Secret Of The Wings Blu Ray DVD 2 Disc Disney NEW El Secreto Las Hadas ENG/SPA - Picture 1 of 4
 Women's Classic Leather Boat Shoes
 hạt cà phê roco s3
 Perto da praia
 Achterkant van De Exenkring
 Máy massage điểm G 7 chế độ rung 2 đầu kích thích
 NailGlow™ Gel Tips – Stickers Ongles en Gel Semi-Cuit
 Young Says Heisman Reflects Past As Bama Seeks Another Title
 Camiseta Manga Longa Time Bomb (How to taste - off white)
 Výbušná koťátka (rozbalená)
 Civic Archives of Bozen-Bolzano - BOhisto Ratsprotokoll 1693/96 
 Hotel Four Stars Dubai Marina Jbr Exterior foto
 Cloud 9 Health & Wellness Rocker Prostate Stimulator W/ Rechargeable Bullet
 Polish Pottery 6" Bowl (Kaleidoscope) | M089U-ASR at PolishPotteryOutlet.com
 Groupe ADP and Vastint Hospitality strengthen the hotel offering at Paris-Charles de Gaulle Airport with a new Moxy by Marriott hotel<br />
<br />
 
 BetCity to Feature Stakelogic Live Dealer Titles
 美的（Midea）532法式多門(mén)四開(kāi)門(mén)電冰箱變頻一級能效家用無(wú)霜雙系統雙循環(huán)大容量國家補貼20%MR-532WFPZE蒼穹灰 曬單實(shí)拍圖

_____

Task to carry out >> Restate all of the lines in the material exactly as they are.

Solution >>
Secret Of The Wings Blu Ray DVD 2 Disc Disney NEW El Secreto Las Hadas ENG/SPA - Picture 1 of 4
 Women's Classic Leather Boat Shoes
 hạt cà phê roco s3
 Perto da praia
 Achterkant van De Exenkring
 Máy massage điểm G 7 chế độ rung 2 đầu kích thích
 NailGlow™ Gel Tips – Stickers Ongles en Gel Semi-Cuit
 Young Says Heisman Reflects Past As Bama Seeks Another Title
 Camiseta Manga Longa Time Bomb (How to taste - off white)
 Výbušná koťátka (rozbalená)
 Civic Archives of Bozen-Bolzano - BOhisto Ratsprotokoll 1693/96 
 Hotel Four Stars Dubai Marina Jbr Exterior foto
 Cloud 9 Health & Wellness Rocker Prostate Stimulator W/ Rechargeable Bullet
 Polish Pottery 6" Bowl (Kaleidoscope) | M089U-ASR at PolishPotteryOutlet.com
 Groupe ADP and Vastint Hospitality strengthen the hotel offering at Paris-Charles de Gaulle Airport with a new Moxy by Marriott hotel<br />
<br />
 
 BetCity to Feature Stakelogic Live Dealer Titles
 美的（Midea）532法式多門(mén)四開(kāi)門(mén)電冰箱變頻一級能效家用無(wú)霜雙系統雙循環(huán)大容量國家補貼20%MR-532WFPZE蒼穹灰 曬單實(shí)拍圖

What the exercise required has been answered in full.